Speaking at the ongoing ShmooCon hacker convention on March 24, Billy Hoffman, lead research engineer at Atlanta-based software maker SPI Dynamics, detailed what he views as an epidemic problem in today's online world. SPI markets penetration testing tools used by businesses to ferret out security issues from their online sites and applications.
The issue was reported in security forums several months ago, and sent to CNN by researchers, but it still hasn't been fixed, Hoffman said.
Malicious-code writers are using the same techniques to create cross-site scripting threats -- malware attacks that inject code into end-users' browsers via holes in legitimate sites -- to mislead consumers into handing over their passwords and giving hackers access to their personal information, according to the researcher.
In the case of AJAX-bred Web tools -- which communicate information between backend servers and online applications without direct interaction from an end user -- malware authors have found a powerful technology for spreading their work and making off with valuable end-user data, without as much danger of being caught.

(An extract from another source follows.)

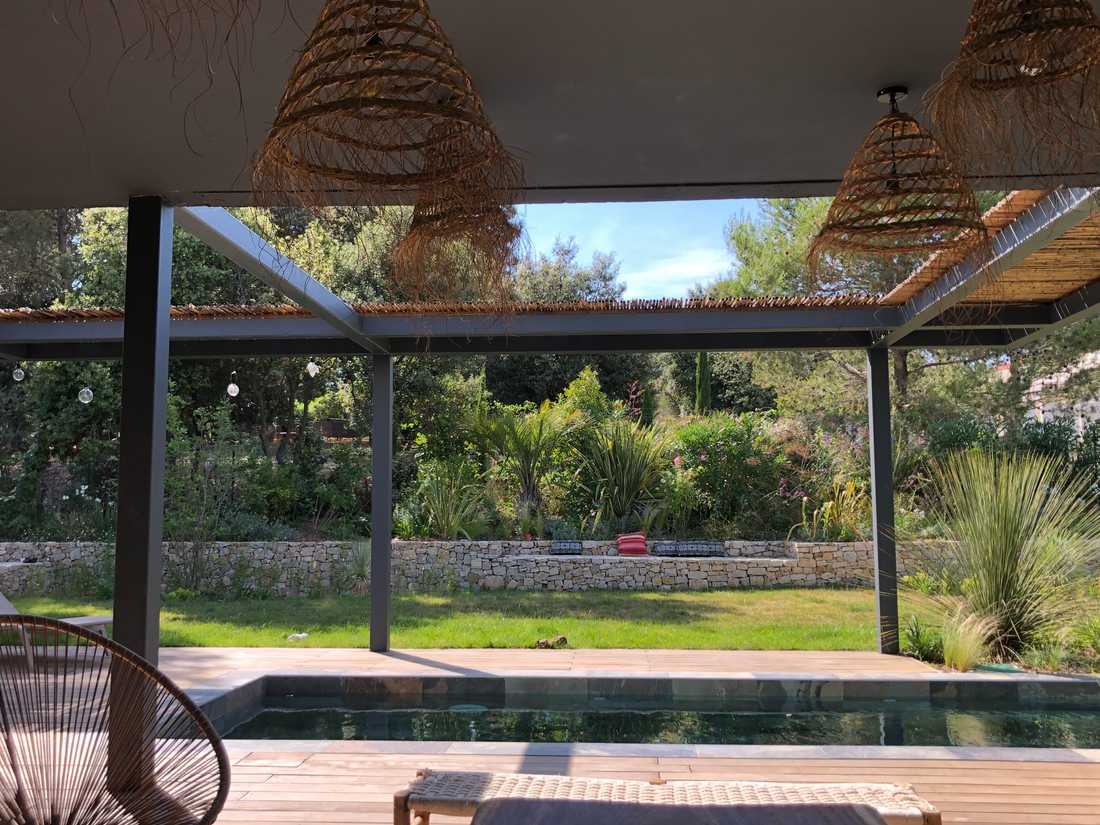 Pergola en acier thermolaqué dans un jardin provençal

The only way to improve the situation is for site operators to undertake more comprehensive efforts to rid their pages of the problems, said Hoffman, and for them to slow down adoption of newer languages, such as AJAX, which appear to outstrip many Web developers' security skills.
One of the newer wrinkles of AJAX-based attacks is the ability to create XSS threats that are self-propagating, according to Hoffman. Whereas the threats were traditionally designed to sit on only one URL and infect people who visited its location, the attacks can now be linked to Web crawling tools to find other pages that may be exploitable, specifically other sites within the same online domains.
Using such an approach, an attacker could infiltrate businesses' corporate intranets via their public Web sites and gain access to sensitive organizational data, Hoffman said.
Hoffman also demonstrated a new Web-based vulnerability scanning tool he has designed and dubbed Jikto, which uses AJAX to crawl Web sites and online applications for holes, and can be dropped into other people's browsers to use them as unknowing sources for gathering such information.